A high-dose IM Vitamin D injection (£50 at Lambert) bypasses all these limitations. Levels typically rise significantly within days, with the effect lasting 3–6 months. For older adults — where Public Health England recommends daily supplementation but the NHS will not prescribe it — a twice-yearly private injection is often the most clinically effective and practically convenient solution. Read our full guide for over 65s.

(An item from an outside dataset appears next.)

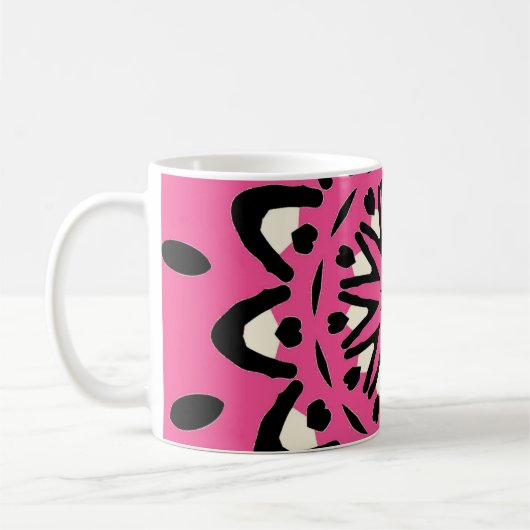 Beker Abstract kunstwerk met heldere roze vormgevi Koffiemok (Links)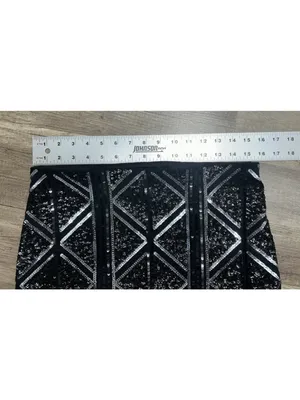 Express Sequin Mini Skirt Medium Black Silver Stretch Pull On Holiday Party Club thumbnail 5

NAD+ itself cannot be taken orally — it does not survive digestion in its intact form. Oral NAD+ supplements use precursors: NMN (nicotinamide mononucleotide) or NR (nicotinamide riboside), which are converted to NAD+ in cells. These precursors have better oral bioavailability than NAD+ itself, but still face absorption and conversion limitations — only 10–25% reaches meaningful cellular concentrations.
An NAD+ IM injection (£60 at Lambert) delivers NAD+ directly. An NAD+ IV infusion (from £150) delivers it straight into the bloodstream for immediate cellular uptake. For those seeking genuine, measurable effects on energy, cognitive function, and cellular health — rather than the marginal effects of oral supplements — direct delivery makes a significant clinical difference.
To be balanced: oral supplementation works well for many people in many circumstances. Someone with good gut health, no absorption issues, and mild insufficiency who consistently takes a daily supplement will likely benefit from tablets. They are convenient, inexpensive, and available without a clinical appointment.